Keep the wording of the records intact as you retype them, and omit every image.

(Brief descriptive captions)
_____
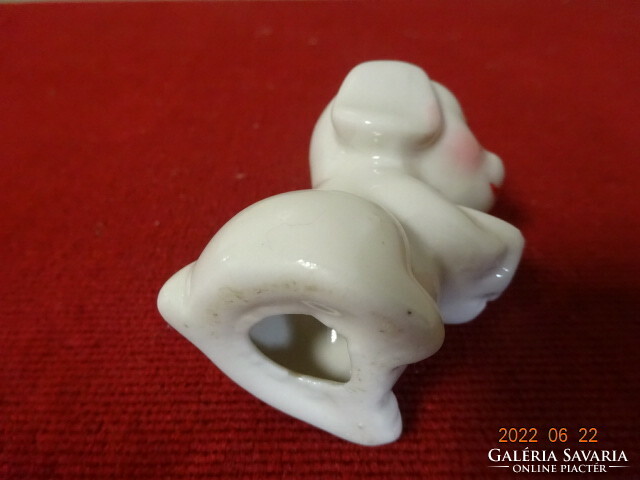 Német porcelán figura, ülő kutya, magassága 6 cm. Vanneki! Jókai.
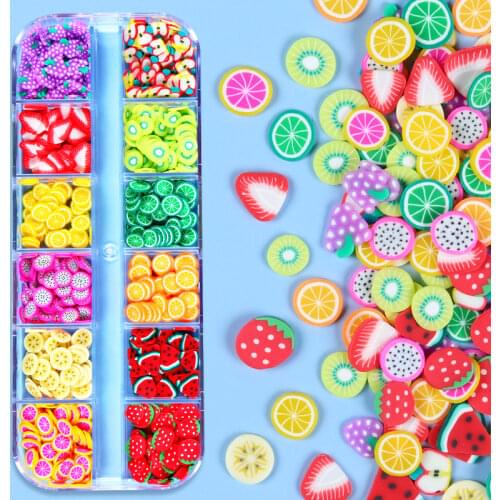 Mixed Fruit Polymer Clay Slices Epoxy Resin Filler Crystal Mud Pigment Jewelry Fillings Slime Charms Strawberry Nail Art Sequins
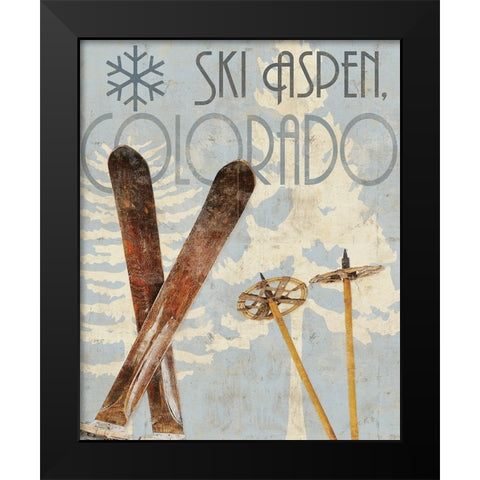 Ski Destinations II Black Modern Wood Framed Art Print by Sparx Studio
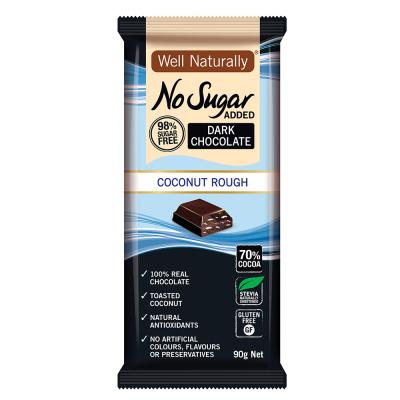 Well Naturally No Added Sugar Block Dark Chocolate Coconut Rough 90g
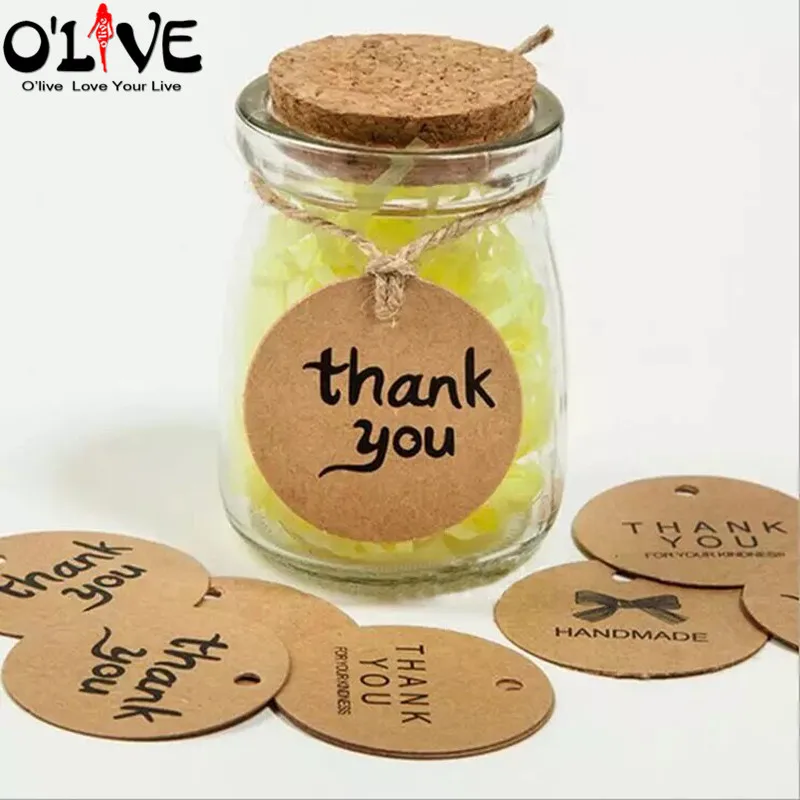 3-Brown-Thank-You-Hand-Made-Kraft-Paper-Tags-Round-Luggage-Note-Wedding-Invitations-Cards-Blank-Price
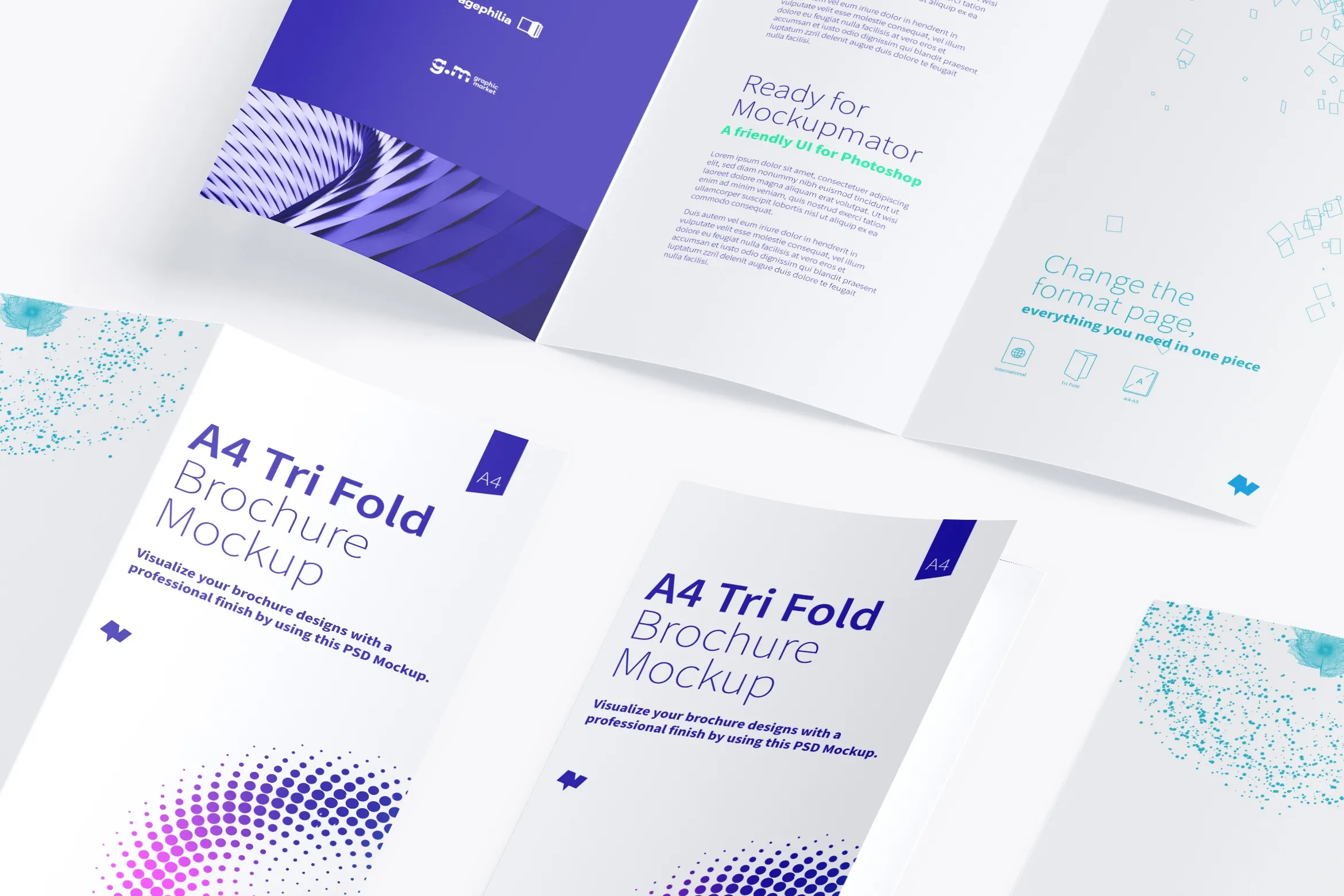 A4大小三折页企业宣传传单设计效果图样机模板05 A4 Trifold Brochure Mockup 05插图(2)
_____
▶ **RESULT OF THIS EXERCISE**:
 Német porcelán figura, ülő kutya, magassága 6 cm. Vanneki! Jókai.
 Mixed Fruit Polymer Clay Slices Epoxy Resin Filler Crystal Mud Pigment Jewelry Fillings Slime Charms Strawberry Nail Art Sequins
 Ski Destinations II Black Modern Wood Framed Art Print by Sparx Studio
 Well Naturally No Added Sugar Block Dark Chocolate Coconut Rough 90g
 3-Brown-Thank-You-Hand-Made-Kraft-Paper-Tags-Round-Luggage-Note-Wedding-Invitations-Cards-Blank-Price
 A4大小三折页企业宣传传单设计效果图样机模板05 A4 Trifold Brochure Mockup 05插图(2)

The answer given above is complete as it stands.